Data:
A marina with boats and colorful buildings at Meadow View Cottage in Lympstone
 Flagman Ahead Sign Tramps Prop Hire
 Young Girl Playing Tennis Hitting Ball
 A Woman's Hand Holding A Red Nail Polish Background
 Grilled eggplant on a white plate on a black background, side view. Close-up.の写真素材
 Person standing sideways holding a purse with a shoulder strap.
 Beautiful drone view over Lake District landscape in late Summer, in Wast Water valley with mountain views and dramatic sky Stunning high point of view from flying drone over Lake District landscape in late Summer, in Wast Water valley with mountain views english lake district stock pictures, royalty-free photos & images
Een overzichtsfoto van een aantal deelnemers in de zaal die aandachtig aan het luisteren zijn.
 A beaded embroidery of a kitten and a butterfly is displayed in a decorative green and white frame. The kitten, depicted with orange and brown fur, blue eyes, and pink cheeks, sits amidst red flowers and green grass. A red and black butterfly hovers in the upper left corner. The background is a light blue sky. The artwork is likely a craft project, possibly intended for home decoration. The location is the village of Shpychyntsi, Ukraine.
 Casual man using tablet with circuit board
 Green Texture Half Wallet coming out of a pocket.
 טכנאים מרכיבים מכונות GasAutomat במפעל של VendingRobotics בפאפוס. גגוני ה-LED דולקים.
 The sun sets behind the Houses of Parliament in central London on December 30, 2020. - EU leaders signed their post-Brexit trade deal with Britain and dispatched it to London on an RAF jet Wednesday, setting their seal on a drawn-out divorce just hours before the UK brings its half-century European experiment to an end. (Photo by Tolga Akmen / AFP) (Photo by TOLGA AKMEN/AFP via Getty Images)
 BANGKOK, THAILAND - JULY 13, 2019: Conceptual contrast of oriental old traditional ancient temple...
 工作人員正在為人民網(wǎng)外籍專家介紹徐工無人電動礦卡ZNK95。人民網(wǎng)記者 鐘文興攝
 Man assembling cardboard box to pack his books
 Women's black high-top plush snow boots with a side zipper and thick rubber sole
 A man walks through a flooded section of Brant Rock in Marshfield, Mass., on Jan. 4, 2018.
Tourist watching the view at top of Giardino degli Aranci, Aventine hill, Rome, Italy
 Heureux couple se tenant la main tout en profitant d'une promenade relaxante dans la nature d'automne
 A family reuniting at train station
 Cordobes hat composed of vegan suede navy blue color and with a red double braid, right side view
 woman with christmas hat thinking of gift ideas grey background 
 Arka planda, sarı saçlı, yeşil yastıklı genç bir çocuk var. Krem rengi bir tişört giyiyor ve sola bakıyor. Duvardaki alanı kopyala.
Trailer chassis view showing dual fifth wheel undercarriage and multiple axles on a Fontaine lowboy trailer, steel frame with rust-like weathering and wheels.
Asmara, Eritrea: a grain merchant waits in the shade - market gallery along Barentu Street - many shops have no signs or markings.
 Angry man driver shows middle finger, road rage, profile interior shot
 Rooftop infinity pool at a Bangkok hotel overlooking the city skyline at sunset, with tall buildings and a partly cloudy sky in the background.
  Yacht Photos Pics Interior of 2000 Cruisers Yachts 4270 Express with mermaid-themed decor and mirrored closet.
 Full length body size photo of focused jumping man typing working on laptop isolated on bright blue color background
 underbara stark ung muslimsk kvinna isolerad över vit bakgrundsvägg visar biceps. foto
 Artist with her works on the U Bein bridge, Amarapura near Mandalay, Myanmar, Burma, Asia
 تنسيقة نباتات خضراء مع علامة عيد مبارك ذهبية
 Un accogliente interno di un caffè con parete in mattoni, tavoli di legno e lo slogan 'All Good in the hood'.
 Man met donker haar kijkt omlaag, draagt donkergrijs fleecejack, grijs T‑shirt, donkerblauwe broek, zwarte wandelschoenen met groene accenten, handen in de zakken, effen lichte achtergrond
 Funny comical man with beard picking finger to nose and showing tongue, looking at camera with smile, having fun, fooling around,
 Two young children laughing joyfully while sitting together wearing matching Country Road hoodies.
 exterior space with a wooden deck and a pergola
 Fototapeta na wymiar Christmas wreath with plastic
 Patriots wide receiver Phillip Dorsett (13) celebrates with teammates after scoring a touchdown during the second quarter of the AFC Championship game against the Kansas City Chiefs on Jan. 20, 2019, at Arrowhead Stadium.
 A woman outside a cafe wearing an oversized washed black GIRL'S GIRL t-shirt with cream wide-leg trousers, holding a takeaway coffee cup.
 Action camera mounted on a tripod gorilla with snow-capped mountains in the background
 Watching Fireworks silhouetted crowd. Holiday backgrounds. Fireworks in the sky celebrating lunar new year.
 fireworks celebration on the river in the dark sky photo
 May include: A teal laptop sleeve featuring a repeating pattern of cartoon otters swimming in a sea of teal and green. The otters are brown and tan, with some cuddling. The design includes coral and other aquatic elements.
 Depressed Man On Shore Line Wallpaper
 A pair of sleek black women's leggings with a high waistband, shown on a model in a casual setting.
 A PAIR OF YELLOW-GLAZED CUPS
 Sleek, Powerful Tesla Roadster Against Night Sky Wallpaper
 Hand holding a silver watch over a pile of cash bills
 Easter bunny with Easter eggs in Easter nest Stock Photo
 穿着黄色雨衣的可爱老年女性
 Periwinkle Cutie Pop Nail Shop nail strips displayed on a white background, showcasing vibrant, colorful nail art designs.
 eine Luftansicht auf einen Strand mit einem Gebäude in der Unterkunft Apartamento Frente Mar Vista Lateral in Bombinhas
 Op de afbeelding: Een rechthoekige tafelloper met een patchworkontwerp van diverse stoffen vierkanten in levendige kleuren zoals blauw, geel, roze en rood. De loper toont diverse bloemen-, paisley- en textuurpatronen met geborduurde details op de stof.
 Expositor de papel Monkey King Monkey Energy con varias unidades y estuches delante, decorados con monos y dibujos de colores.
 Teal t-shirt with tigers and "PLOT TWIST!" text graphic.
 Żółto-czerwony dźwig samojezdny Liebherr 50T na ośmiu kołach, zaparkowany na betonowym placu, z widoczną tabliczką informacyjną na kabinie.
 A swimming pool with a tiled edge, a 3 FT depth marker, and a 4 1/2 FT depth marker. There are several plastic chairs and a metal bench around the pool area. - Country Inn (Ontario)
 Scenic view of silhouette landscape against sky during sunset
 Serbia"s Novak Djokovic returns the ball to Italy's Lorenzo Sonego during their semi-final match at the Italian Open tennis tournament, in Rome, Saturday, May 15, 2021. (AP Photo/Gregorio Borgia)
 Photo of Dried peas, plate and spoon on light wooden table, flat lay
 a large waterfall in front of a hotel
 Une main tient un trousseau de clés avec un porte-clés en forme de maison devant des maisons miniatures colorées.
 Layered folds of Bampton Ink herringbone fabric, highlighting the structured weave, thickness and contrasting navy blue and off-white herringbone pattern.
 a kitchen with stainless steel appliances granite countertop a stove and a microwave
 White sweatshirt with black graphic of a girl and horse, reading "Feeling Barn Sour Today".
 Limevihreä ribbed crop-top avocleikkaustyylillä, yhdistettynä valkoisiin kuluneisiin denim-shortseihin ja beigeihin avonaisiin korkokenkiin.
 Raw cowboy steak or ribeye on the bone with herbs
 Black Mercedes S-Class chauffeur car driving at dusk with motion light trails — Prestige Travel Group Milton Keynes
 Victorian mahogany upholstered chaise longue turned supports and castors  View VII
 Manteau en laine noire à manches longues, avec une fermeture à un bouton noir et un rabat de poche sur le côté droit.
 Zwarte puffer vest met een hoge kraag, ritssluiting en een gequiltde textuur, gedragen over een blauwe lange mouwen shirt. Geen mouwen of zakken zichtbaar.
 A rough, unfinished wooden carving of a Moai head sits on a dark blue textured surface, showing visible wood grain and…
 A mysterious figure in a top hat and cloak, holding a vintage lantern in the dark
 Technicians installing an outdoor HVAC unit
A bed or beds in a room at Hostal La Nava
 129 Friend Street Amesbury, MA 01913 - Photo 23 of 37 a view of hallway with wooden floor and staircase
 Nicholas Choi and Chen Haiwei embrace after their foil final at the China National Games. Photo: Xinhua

Your objective:
Going back to the entries above, set down exactly the lines that begin at the one with "Grilled eggplant on" and end at the one with "Person standing sideways", both included, and nothing else.

Solution below:
 Grilled eggplant on a white plate on a black background, side view. Close-up.の写真素材
 Person standing sideways holding a purse with a shoulder strap.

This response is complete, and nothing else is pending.